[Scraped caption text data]
___

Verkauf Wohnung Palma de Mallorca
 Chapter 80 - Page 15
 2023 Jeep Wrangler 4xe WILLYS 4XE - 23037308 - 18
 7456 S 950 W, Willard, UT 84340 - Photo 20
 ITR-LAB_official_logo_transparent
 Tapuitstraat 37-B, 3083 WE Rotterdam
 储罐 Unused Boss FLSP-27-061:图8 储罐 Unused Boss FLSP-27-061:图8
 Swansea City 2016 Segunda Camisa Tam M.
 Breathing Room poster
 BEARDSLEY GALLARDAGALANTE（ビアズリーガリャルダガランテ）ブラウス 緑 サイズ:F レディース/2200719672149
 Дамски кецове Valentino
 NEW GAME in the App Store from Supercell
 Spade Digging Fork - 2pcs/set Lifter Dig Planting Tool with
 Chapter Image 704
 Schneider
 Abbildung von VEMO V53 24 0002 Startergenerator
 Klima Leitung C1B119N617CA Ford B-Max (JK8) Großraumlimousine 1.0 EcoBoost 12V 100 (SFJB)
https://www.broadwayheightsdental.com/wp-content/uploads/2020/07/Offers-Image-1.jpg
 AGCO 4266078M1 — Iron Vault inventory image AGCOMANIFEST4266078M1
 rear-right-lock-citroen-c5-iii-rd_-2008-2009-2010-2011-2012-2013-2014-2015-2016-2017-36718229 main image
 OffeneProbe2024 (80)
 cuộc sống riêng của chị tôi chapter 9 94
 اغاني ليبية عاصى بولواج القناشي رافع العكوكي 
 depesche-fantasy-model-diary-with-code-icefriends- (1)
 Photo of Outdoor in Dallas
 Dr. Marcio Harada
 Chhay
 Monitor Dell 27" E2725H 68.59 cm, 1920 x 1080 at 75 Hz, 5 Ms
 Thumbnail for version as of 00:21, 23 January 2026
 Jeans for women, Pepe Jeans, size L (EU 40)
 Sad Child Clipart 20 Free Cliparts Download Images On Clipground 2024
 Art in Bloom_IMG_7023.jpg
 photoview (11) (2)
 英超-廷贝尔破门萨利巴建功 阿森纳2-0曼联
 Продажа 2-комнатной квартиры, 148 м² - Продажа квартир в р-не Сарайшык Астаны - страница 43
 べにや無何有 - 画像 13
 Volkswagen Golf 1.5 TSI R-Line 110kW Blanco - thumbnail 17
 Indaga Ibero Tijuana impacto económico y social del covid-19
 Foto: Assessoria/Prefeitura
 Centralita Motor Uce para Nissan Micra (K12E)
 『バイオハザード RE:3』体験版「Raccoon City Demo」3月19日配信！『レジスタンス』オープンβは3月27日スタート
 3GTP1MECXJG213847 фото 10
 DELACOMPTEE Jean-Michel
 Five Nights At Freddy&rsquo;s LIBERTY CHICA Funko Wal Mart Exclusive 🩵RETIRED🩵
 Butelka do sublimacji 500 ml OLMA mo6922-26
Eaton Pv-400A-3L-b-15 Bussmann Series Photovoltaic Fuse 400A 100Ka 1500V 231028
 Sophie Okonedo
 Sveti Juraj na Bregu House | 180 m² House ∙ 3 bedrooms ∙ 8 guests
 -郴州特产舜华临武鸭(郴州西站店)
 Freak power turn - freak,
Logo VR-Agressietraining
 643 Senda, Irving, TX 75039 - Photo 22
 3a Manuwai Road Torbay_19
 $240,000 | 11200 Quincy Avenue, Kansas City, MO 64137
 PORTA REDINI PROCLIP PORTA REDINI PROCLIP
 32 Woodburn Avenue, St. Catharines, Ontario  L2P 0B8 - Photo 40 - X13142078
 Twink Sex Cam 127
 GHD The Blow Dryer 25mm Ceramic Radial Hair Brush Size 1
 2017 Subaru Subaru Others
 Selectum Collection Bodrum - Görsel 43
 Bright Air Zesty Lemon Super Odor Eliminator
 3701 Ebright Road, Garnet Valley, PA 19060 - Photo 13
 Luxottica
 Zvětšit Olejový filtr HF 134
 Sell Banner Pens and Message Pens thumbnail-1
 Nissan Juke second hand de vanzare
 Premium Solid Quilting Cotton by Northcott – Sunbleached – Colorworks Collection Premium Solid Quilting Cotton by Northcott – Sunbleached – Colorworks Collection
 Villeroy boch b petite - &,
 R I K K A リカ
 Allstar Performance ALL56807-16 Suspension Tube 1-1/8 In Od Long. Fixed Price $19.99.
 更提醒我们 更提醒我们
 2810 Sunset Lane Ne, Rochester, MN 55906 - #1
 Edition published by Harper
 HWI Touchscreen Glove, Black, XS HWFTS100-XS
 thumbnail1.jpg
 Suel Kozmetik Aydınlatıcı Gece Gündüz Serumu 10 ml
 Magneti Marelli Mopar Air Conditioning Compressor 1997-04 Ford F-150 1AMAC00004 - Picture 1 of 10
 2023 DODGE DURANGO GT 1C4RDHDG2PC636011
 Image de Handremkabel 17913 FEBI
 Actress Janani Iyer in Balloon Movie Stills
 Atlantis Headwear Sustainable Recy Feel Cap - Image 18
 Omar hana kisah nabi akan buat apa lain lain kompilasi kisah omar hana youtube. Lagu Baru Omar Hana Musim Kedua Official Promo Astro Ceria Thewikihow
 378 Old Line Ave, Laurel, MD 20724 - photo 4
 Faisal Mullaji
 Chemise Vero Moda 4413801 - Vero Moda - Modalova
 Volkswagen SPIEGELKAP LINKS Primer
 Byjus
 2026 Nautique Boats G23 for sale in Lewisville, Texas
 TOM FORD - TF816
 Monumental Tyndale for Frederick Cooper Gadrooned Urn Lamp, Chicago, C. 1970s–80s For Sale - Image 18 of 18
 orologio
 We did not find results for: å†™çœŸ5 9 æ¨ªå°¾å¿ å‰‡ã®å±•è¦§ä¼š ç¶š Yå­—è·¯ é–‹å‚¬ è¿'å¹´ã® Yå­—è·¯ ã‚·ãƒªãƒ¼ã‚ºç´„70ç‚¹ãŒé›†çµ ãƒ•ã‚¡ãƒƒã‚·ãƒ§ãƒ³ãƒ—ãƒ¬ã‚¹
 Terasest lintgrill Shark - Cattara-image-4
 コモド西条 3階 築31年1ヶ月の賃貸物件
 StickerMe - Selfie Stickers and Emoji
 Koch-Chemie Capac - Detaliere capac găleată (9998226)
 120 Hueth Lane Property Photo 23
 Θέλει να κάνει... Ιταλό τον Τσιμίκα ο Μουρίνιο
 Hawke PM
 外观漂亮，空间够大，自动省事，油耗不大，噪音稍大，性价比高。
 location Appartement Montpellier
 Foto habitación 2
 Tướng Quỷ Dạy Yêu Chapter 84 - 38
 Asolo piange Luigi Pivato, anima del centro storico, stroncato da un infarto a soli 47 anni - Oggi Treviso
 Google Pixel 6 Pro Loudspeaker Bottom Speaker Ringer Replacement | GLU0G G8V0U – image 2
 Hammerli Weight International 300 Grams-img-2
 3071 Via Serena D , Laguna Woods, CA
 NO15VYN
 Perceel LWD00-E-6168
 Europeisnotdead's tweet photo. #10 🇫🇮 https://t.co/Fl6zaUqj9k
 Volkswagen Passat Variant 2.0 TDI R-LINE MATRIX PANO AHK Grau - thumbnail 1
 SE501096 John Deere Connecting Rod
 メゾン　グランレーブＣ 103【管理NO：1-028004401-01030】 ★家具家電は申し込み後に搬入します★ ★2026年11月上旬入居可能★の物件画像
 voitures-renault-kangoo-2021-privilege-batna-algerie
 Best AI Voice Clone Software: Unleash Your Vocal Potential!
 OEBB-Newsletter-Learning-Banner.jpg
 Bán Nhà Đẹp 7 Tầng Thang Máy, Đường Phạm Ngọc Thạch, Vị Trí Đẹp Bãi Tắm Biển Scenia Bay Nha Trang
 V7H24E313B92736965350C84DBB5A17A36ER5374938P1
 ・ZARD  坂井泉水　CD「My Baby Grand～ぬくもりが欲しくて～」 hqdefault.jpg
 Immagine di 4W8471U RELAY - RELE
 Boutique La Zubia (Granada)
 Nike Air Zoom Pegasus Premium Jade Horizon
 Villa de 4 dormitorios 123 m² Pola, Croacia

___

# PROBLEM STATEMENT
From the records given above, copy all lines containing "Lane".

# WRITTEN SOLUTION
 2810 Sunset Lane Ne, Rochester, MN 55906 - #1
 120 Hueth Lane Property Photo 23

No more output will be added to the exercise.